The IMF described credit risks as remaining "elevated" even though financial conditions have improved significantly since spring.
It said these risks, alongside weakened banks, were likely to depress the availability of new credit and damp the global economic recovery unless significant additional capital was raised to improve the health and lending capability of banking systems.
In its twice-yearly Global Financial Stability Report, published on Wednesday in Istanbul, the IMF, estimated the ultimate losses in the financial system would total $3,400 billion between 2007 and 2010, an improvement from the $4,000 billion estimate it published in April.
The improvement in the prediction of likely losses reflects growing confidence in financial markets and higher assets prices, which have reduced mark-to-market losses on banks' books, and an improved economic outlook, with lowered estimates of credit losses.
Even so, the IMF warned that much still needed to be done to secure a recovery and to ensure that renewed stresses in the financial system did not restart the vicious spiral of banking losses, rationed credit, deeper recession, increased defaults and further banking losses.
Within the banking systems, the IMF estimates that losses will total $2,800 billion alone and that banks have so far recognized only $1,300 billion of those losses. "U.S. domiciled banks have recognized about 60 percent of anticipated writedowns, while euro area and UK domiciled banks have recognized about 40 percent," the report said.

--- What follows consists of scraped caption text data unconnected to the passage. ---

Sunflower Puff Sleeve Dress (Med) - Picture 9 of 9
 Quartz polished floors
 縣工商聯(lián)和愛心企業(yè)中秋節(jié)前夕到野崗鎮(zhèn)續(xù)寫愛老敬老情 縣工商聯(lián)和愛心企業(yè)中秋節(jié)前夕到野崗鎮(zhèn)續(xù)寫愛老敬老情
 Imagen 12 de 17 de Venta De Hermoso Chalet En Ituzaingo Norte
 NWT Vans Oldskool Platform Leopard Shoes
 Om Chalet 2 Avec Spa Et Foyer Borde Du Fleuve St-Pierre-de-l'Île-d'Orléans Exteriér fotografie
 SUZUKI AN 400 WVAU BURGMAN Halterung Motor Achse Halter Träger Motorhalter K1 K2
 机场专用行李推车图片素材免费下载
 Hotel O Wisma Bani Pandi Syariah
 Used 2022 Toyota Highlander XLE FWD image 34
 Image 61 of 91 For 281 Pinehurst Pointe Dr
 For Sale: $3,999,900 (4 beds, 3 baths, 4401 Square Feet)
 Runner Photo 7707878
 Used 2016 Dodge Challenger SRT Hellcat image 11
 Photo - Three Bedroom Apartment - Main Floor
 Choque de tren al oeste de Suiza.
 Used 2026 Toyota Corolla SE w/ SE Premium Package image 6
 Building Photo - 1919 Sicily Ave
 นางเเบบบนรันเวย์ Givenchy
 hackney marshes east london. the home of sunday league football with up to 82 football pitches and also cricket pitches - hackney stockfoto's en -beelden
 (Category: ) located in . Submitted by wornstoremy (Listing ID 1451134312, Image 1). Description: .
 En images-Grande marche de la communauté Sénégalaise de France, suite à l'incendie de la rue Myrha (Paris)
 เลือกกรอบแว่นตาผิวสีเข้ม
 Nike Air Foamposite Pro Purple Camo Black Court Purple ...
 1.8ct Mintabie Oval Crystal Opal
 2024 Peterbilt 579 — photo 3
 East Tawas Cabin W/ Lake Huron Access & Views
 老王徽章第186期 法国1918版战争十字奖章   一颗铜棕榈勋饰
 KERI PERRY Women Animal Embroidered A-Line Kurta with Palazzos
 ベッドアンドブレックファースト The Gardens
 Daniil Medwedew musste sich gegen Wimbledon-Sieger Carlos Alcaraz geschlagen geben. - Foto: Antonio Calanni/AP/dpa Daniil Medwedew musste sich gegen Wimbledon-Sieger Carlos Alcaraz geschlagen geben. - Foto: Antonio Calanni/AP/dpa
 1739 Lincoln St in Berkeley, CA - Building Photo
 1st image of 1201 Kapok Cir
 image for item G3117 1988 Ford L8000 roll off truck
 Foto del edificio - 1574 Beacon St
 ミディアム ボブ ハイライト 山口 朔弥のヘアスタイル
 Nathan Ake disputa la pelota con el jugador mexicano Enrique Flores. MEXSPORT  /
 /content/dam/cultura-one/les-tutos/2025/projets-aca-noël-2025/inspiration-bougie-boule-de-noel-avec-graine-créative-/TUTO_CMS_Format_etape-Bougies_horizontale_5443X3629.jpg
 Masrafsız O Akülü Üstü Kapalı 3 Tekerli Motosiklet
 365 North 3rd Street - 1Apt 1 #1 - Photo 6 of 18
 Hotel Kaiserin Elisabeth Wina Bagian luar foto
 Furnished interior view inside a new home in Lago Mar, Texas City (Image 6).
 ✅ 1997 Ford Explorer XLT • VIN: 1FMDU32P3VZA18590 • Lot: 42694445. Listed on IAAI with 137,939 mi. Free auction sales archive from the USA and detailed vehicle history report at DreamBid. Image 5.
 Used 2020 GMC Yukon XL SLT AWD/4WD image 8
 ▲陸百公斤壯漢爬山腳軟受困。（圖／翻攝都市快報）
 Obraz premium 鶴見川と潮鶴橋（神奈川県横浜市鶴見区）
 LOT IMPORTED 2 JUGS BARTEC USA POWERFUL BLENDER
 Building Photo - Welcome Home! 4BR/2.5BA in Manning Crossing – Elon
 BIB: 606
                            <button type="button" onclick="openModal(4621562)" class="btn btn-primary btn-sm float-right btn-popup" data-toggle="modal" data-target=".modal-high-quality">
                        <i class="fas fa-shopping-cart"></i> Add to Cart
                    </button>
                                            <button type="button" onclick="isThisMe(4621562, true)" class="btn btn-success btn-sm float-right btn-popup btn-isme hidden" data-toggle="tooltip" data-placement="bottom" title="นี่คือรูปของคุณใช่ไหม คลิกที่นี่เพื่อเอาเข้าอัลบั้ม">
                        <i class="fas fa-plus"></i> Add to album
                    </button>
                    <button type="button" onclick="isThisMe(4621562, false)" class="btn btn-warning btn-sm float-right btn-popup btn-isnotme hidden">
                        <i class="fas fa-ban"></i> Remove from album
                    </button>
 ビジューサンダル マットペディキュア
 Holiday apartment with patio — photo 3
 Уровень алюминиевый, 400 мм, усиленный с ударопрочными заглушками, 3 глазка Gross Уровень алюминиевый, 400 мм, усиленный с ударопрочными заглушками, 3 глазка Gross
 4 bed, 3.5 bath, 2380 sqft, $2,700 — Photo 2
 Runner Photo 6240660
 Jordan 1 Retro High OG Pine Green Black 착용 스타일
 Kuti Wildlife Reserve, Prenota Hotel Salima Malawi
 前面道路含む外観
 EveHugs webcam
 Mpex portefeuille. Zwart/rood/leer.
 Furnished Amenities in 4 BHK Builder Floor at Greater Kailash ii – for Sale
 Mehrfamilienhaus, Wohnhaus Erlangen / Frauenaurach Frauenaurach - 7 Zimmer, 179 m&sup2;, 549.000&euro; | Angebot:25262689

The largest proportionate losses in banks are in the U.S. and UK, where losses on residential loans and commercial property, the loans with the highest default rates, account for a greater proportion of banks' balance sheets.
Although banks have been profitable this year as their borrowing costs have fallen with exceptionally low interest rates and the rates charged on lending have remained higher, the IMF warned that this happy position for banks might not last. "In the medium term, banks are likely to suffer reduced margins from paying more for deposits and incur higher interest costs," it said, so greater capital-raising measures were still necessary.
But the capital-raising exercises by banks and recapitalisation by government already undertaken have made banks more resilient to the losses they are likely to incur, the IMF added. Capital will be drained by future losses, but the emergency measures implemented so far meant that "banks in all regions have achieved a degree of stability in their capital positions".
Massive public deficits also complicated the financial stability picture, the IMF warned. They implied that total borrowing needs in certain countries, particularly the U.S. and UK, will exacerbate the difficulties in raising finance for the private sector, and imply the need to raise finance from abroad, potentially undermining the dollar and sterling, or raising long-term market interest rates.
"In terms of regional vulnerability, the UK appears most susceptible to credit constraints ... given its significant reliance on the banking channel and the projected sharp decline in domestic bank balance sheets, as well as substantial public financing needs," said the IMF.